埼玉県商工団体連合会(県連)は先ごろ、「税金・税務調査学習会」をオンライン併用で開催。さいたま市産業文化センターを会場に、県内20民主商工会(民商)から105人が参加しました(会場22人、各地の民商事務所など32カ所から接続)。佐伯和雅税理士が「国税庁の新システム『KSK2』を使用した税務調査で何が変わるのか」をテーマに講演しました。
国税庁は9月から、新システム「KSK2」の導入を計画。全国の国税局と税務署をネットワークで結び、地域や税目を超えた情報の一元的管理で、各種事務処理の高度化・効率化を図るとしています。
佐伯税理士は「今後の税務調査は、AI(人工知能)が『どこに調査に入るか』を選定するので、おそらく税務職員も調査理由を述べられない。

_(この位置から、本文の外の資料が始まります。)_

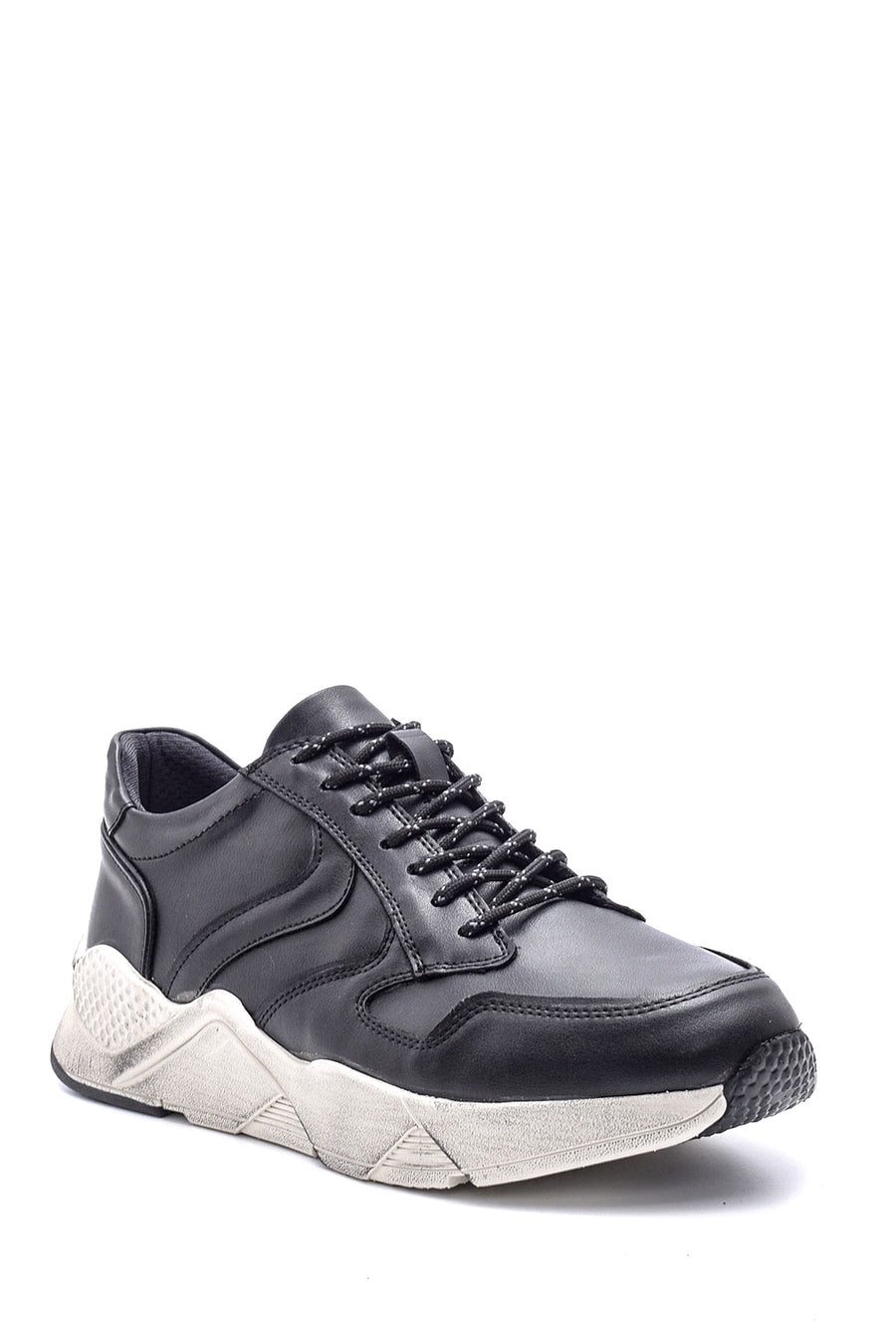 Men's Leather Sneaker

その中で職員は質問検査権が行使できるものなのか」と疑問を呈しました。
税務行政のAI化やDX(デジタル・トランスフォーメーション)化が先行して実施されている米国では「国籍や人種に対するバイアス(偏見・偏り)が起きている」と強調。「国税側が持っているデータが本当に正しいと言えるのか。納税者だけでなく、現場の国税職員も、その活用を恐れている」と指摘しました。
佐伯税理士は、現在行われている税務調査のトレンドや、クラウド会計の危険性なども説明。「税務調査の立ち会いなど、国税通則法を理解し”武器”として運動してきた民商の歴史と学びは、今でも生きている。AI・DX化の時代の流れは避けられないが、申告納税制度に基づいた自主記帳・自主計算・自主申告運動の継続で、税務署側のミスリードに惑わされない対応を進めよう」と呼び掛けました。

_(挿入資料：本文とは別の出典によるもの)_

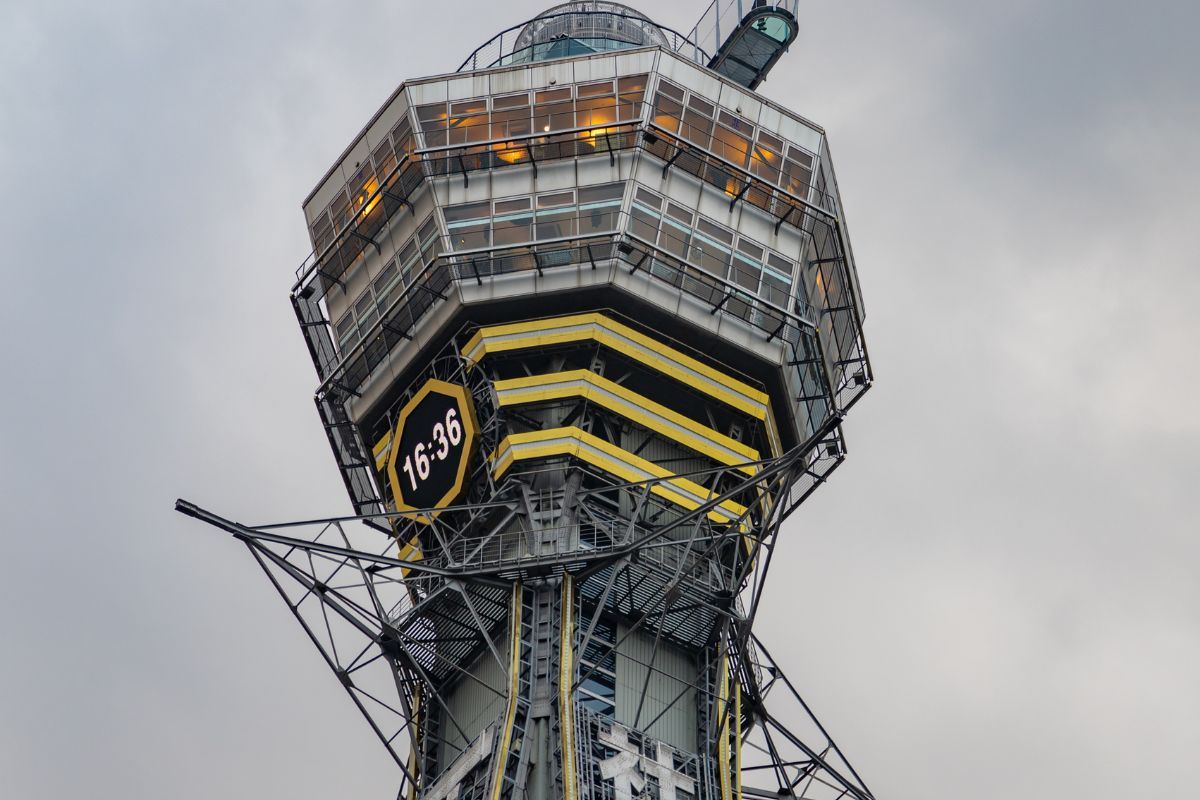 Tsutenkaku Tower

深谷民商の小林各伺会長=不動産賃貸=が閉会あいさつ。「調査の立ち会いでは、どんどん主張して、認めさせることが非常に重要だ。民商が仲間の調査に立ち会い『不当な調査をさせないぞ』『しっかり監視しているぞ』と税務署員に示す心構えを、きちんと身に付けていく必要がある」と訴えました。